Часть 22 из 41 В начало
Для доступа к библиотеке пройдите авторизацию
И что она на все это могла ответить? Что все это – чушь собачья? А если Эви смотрит на них из окна палаты? Должна ли Кери раскрывать ей глаза на то, что ее отец был куда больше заинтересован в поддержании своей собственной идиллии, чем в ее поисках? Что он давно считал ее умершей и даже боялся, что у него возникнут сложности, если она окажется жива?
Стивен смотрел на нее с застывшей улыбкой на лице, но в его взгляде отражалось опасение, что она все же решится опровергнуть его слова, пусть даже ценой чувств их дочери. Но она этого не сделала.
– Надежда оставалась всегда, – тихо сказала она.
– Именно, – с облегчением согласился он. – Мы никогда не теряли надежду. Иногда Кери приходила ко мне после каких-то особенно ужасных событий, охваченная страхом, что такая же участь могла постигнуть и Эви. Но я призывал ее не терять веру, не сдаваться и продолжать поиски. Убеждал ее, что она гораздо сильнее, чем ей кажется. Мы тогда уже не были супругами, но все еще оставались командой.
Кери почувствовала, как желчь подступила ей к горлу. Ей хотелось рвать и метать. Но она подавила это желание, вспомнив слова Бичер. Какую бы чепуху ни нес Стивен, что бы ей не приходилось выслушивать, пусть даже ей пришлось бы петь гимны и маршировать под звуки оркестра, она должна была через это пройти, чтобы вернуться к нормальной жизни с дочерью. Она должна выдержать.
Она пережила гораздо худшее. И не она стояла сейчас на первом месте.
На первом месте была Эви.
ГЛАВА 24
Как бы Эви Локк ни старалась, она никак не могла избавиться от одной мысли.
Больно.
На следующий день после крупной пресс-конференции, во время которой она лежала без сознания, Эви пыталась усесться на больничной койке, стараясь не морщиться от боли.

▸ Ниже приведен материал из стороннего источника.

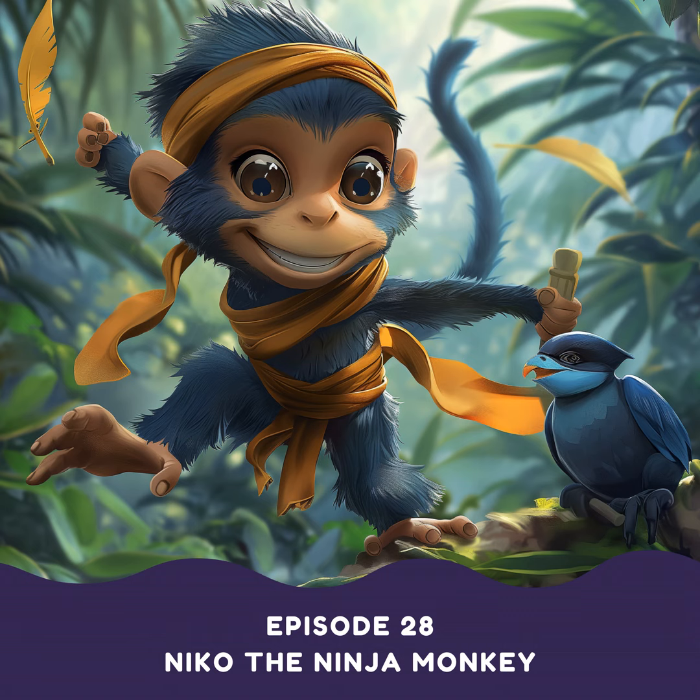Nico was a ninja monkey. While the other monkeys loved to nap in the warm sun or hunt for juicy insects, Nico spent his time practicing his ninja skills. He climbed to the highest branches, balancing with the grace of a cat. He practiced leaping between trees, swift and silent like a shadow. His favorite trick of all was disappearing completely, blending into the leaves with a rustle — and then poof. The other monkeys didn't understand Nico's obsession, teasing him and calling him Shadow Monkey. But Nico didn't mind — he knew his ninja skills would come in handy one day.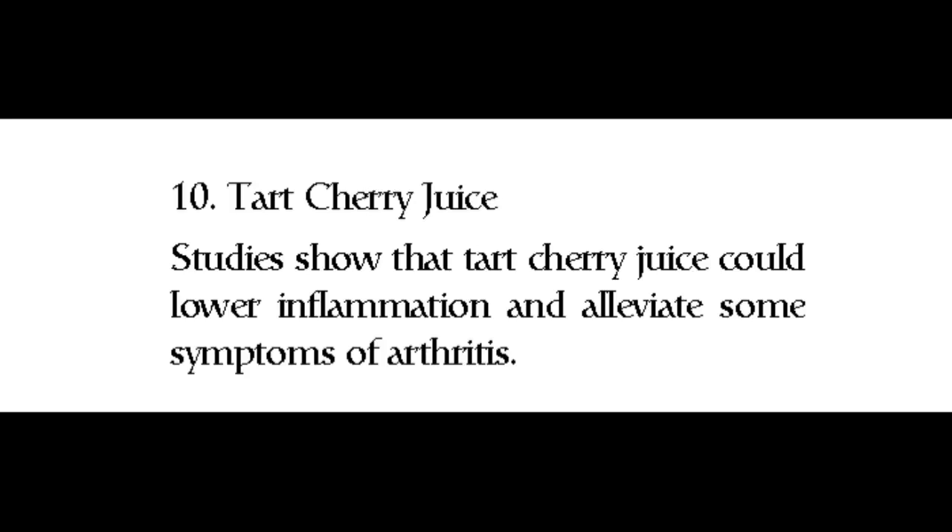10. Tart cherry juice. Studies show that tart cherry juice could lower inflammation and alleviate some symptoms of arthritis.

У нее еще все болело после операции, но она не хотела беспокоить маму. Она слышала, как медсестры говорила, что «бедная женщина никогда не ложится спать, пока не уснет ее дочь, но и тогда совсем не высыпается». Эви не хотела делать еще хуже.
Она знала, что мама собирается приступить к «неудобному разговору» с ней, и терпеливо ожидала, когда та начнет. На мгновение у нее проскочила мысль о том, что немного странно думать о женщине, сидящей напротив нее, как о «маме». Во время их последнего разговора она звала ее мамой, но сейчас ей было сложно называть ее так даже мысленно, а уж тем более – вслух.
Все-таки это звучало бы немного странно. Ее мать очень постарела за эти шесть лет. Ее образ, хранившийся в памяти Эви все эти года, совсем не совпадал с реальностью. Эти пряди седых волос, морщинки вокруг глаз, огрубевшая кожа, красные глаза…
Конечно, матери было уже почти тридцать шесть, а не тридцать, сколько ей было до похищения Эви. И она все еще приходила в себя после драки с этим парнем, адвокатом Кейвом (и, по словам медсестер, после еще какой-то автомобильной аварии и драки).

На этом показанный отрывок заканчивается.